Time series data integration at scale

Introduction

Though most of us rarely if ever use the phrase “time series data” in our daily lives, we use the concept all the time. On the most basic level, we do it whenever we make a decision based on past experience: Should I buy this plane ticket now? Is this a good city to live in? Will this be a good market for my product? And although today “data-driven decision making” is prominent to the point of cliche, that too is nothing new: 5,500 years ago the Sumerians used clay tablets to track what today we refer to as economic development (trade deals, prices, harvests, etc.). Now, we are creating about 2.5 billion gigabytes of data daily, equal to 2.5 million fully-loaded 1-Terabyte iPads.

Why has the world gone so crazy about data?

One reason: More data means better models, which ideally means better decisions. After all, behind even what may seem to be the simplest of decisions, many questions need answering: What’s the current state of the world? How’d we get there? What might happen next? Time series data lets us nail down critical reference points, and the more the better—but that creates a new problem: The mountains of data we generate today can actually lead to complicated, contradictory, or faulty models and forecasts, which can make it harder and riskier to make informed decisions. This is where Knoema comes in.

What We Do – What We do Not

Knoema currently provides the most comprehensive integrated database of global data in the world. At the moment, we host more than 2.8 billion time series and 24,000 datasets published by more than 1,200 sources.

Yet, as not all data is created equal, Knoema takes on the tasks of structuring, validating, transforming, and maintaining data. Once we feel confident in our data, we then need to integrate it into a single platform to make it understandable, accessible and, above all, usable.

So at the risk of oversimplifying it, Knoema specializes in conflict resolution: our proprietary data management system pulls data from more than 1,000 sources, automatically validates it, and presents it in a single, smooth platform where all datasets are matched and uniformly formatted. We can also arrange customized datasets to support specific analytic projects and support an array of languages, including some outside the core U.N. languages.

What we do not do is nearly equally as important – we do not alter the data published by sources. The variables, units of measure, metadata and more are published on Knoema as is from the sources. This means you can be assured that what we publish mirrors that of the sources to every extent possible, and we provide a direct citation back to the original source data so you can verify at any time.

The Challenges of Creating the Knoema Database

Again, the mantra: Not all data is created equal. “Difficult” data—often locked in complex workbooks, scattered across multiple PDFs, or obscured behind arcane single-language systems—requires experience and ideally topical and/or source familiarity, which Knoema data engineers bring to the table. And even “friendly” data (accessible from comprehensive, modern APIs) isn’t always usable. It sometimes demands streamlining and standardization before clients can have quick, direct access. Here are a few of the most common challenges we encounter.

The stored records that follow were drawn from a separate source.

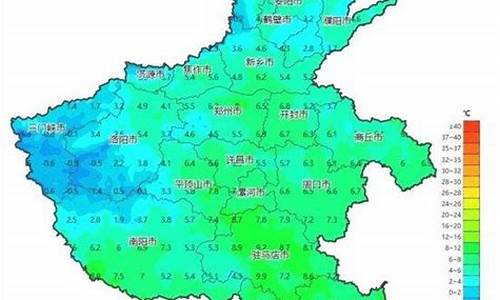 郑州一周天气预报_郑州一周天气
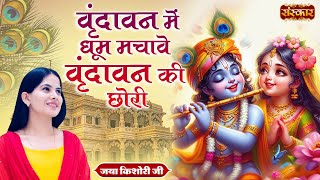 Download lagu वृंदावन में धूम मचावे वृंदावन की छोरी | Jaya Kishori Ji | Superhit Bhajan | Jukebox | Sanskar TV mp3 Download lagu वृंदावन में धूम मचावे वृंदावन की छोरी | Jaya Kishori Ji | Superhit Bhajan | Jukebox | Sanskar TV mp3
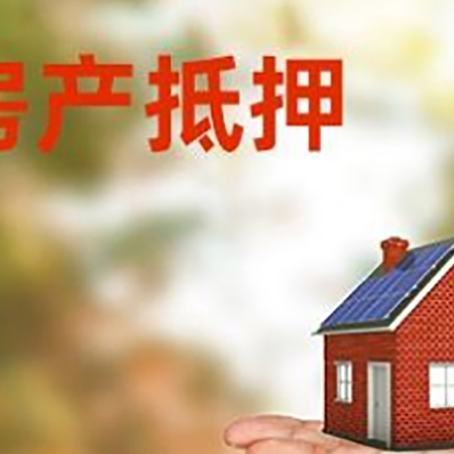 富顺房产抵押贷款和房屋典当有什么区别?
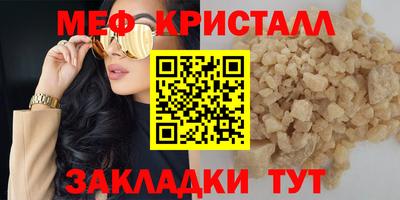 мдпв Новокубанск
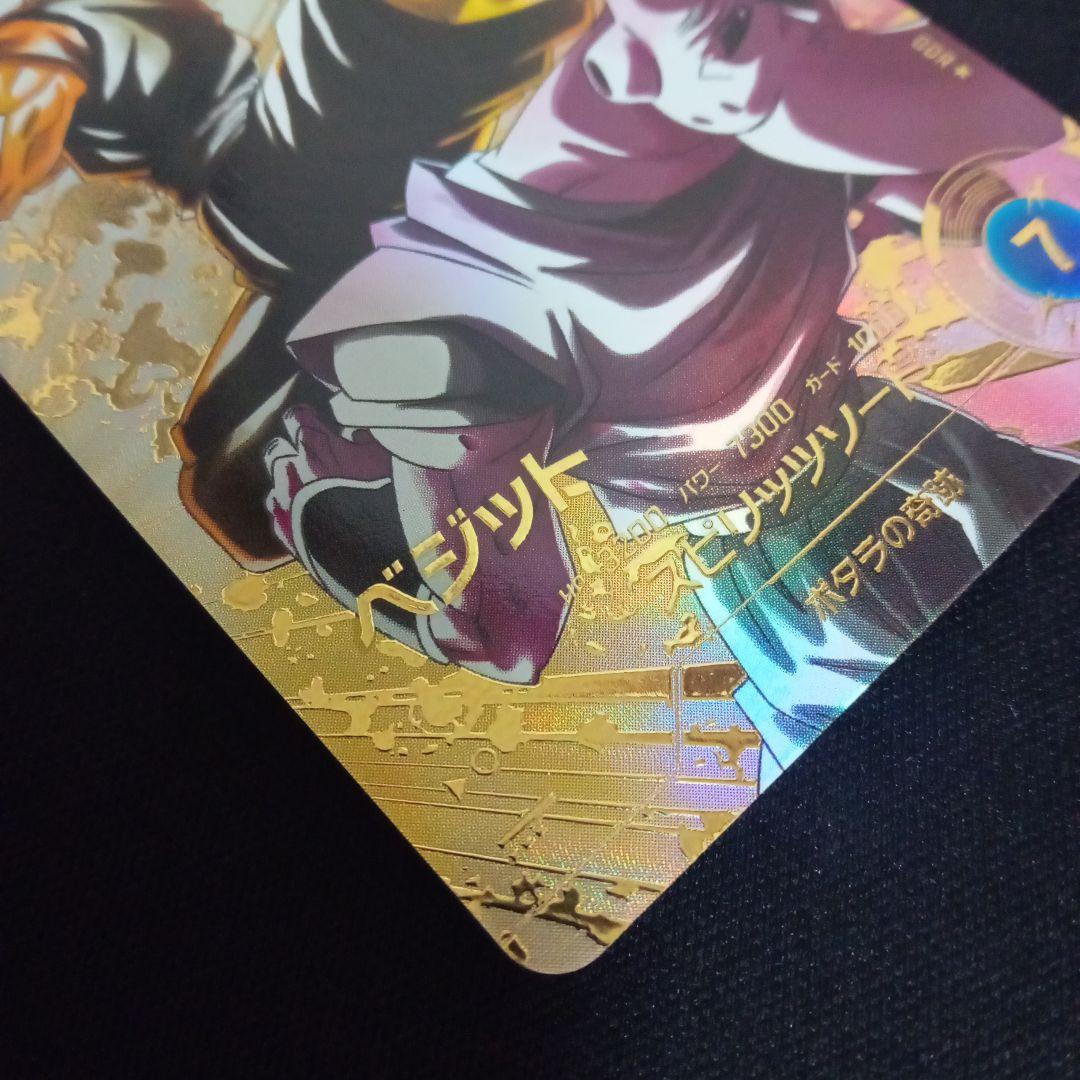 ドラゴンボールダイバーズSDV7-019GDR★ ベジット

Bad APIs: APIs sometimes overpromise usability, which might lead users to wrongly blame themselves. Sometimes APIs are functionally incomplete (to limit usage), and some API archives are incomplete. All too often, APIs don’t standardize metadata/data in a universally accessible way, and others—such as the U.N. Comtrade data we publish weekly—don’t include revision information, which sometimes makes it impossible to figure out which historical data may have been changed or removed.

Troublesome PDFs: By design, PDFs offer a measure of control over presentation and create an official historical record. But PDFs can also create their own difficulties for those who are interested in the data they contain. For instance, the National Oceanic and Atmospheric Administration (NOAA) publishes worldwide weather data (see figure below) in free PDFs every month, but each massive file requires a considerable time commitment for someone who wants to visualize all that information. NOAA also doesn’t publish GPS coordinate format, a step we must add to increase functionality.

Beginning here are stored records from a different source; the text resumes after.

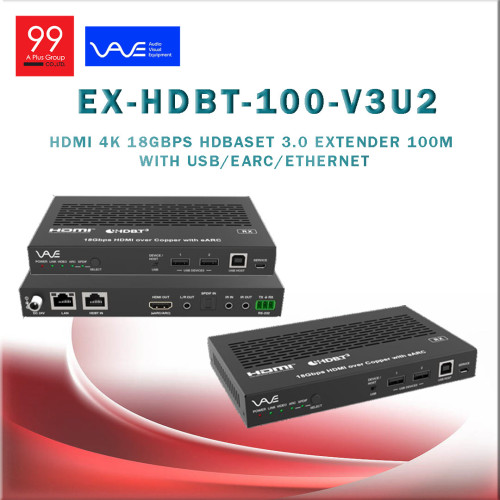 Vave-EX-HDBT-100-V3U2/Extender
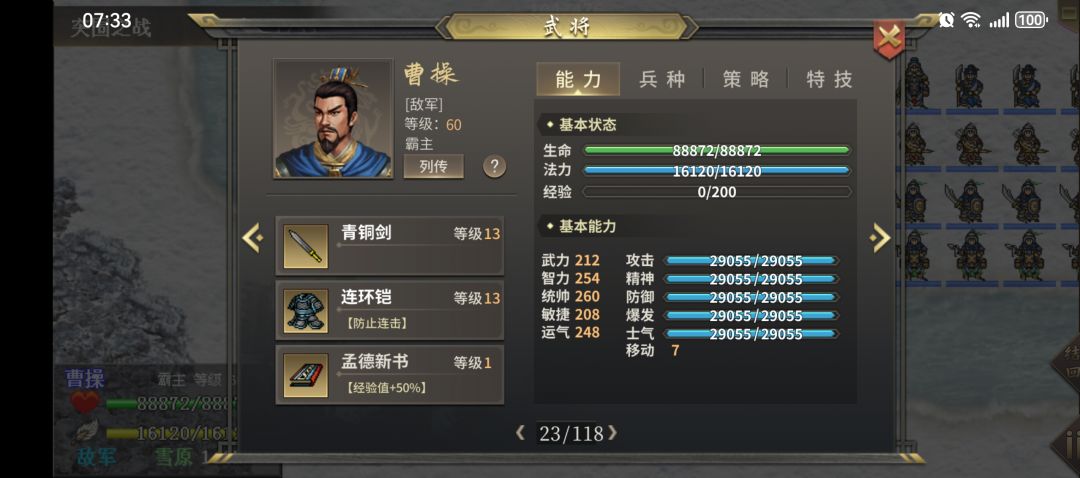 小V霸者霸线经验分享 3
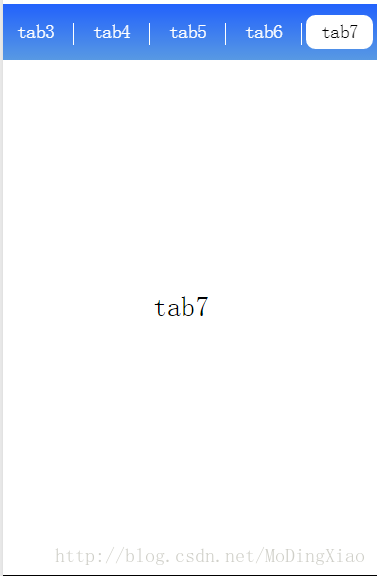 滑动的顶部tab选项卡，简易table表格，swiper图片显示不完整(图1)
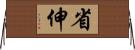 省伸 Horizontal Wall Scroll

Another PDF barrier: They might present data in mixed formats (see Zambia’s 2013 open budget below). Though PDF readers can convert information from text to data formats, that technology isn’t yet perfect. In response, Knoema increases the share of data we review manually to validate the data for our users.

Language barriers: In some cases, sources publish datasets that contain more than one language. Japan’s monthly publication of ‘Consumption and Production of Chemical Industry by Chemicals’ is a mixed bag of trend symbols, abbreviations, non-standard date codes, and (partially) dual-language content. The complexity of normalizing these tables into a fully bilingual dataset exponentiates with monthly updates.

Maintaining large datasets. Even if it’s easy to access data, and even if that data is well structured, it might not be easy to upload and maintain. One example is the U.N. Comtrade dataset, which includes data on trade flows between all countries for thousands of commodities. The file size makes it impossible to handle in MS Excel and difficult in MS SQL Server, so we turned to Python Scripts to process the information, and store it in a scalable online data warehouse.

Technology and teamwork

In the course of this demanding and detailed work, we’ve learned that various formats present nuanced conflicts, so we constantly build data extraction tools tailored to individual sources. Knoema’s tools automatically refresh available data and synchronize the sources with our repository. (Client tools and packages are available in C#, Java, Python and R, and they can be found on Github.)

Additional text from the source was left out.